Introduction

After the Occupational Safety and Health Act was enacted in 1970, much attention was paid to accidental injuries throughout all industries. Yet, most of the safety and health systems for injury prevention are based on theoretical and qualitative analysis, which, although this may provide information for the safety manager to use in implementing the system, it does not provide verified and valid evidence of system performance. Traditionally, if incidents increased, interventional effort was increased by management; the intervention efforts decreased as the incidents decreased and this created an up and down performance. In addition, these changes have always been made subjectively. Thus, three reasonable questions are raised; first do the safety and health systems work? And, second, if they do work, to what extent to they work?

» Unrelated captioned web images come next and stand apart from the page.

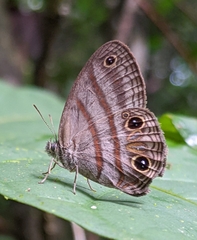 Cissia terrestris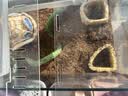 史丹利椰糠砖650g 椰土砖椰砖营养土脱盐花土耶砖种菜通用型 实拍图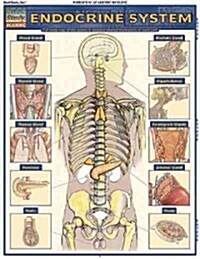 Endocrine System: Quickstudy Laminated Anatomy Reference Guide (Hardcover)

And third, if the system works, how can we improve the system to reduce the incidents while saving the resources? For short, the three questions can be established as the main goal of this research and of almost all engineering categories, effectiveness and efficiency. On one hand, numerous organizations have been known to record the historical incident data for further analysis, motivational and incentive programs and for employee training cases. Also, with the improvement of hardware and software, to record, save and share data, it has become easier to derive and disseminate meaning from those data. But, unfortunately, until recently, most of the recorded data was based solely on the qualitative measures. With a lack of quantitative and statistical analysis, it is nearly impossible for the data or its analysis to adequately inform safety and health decision making.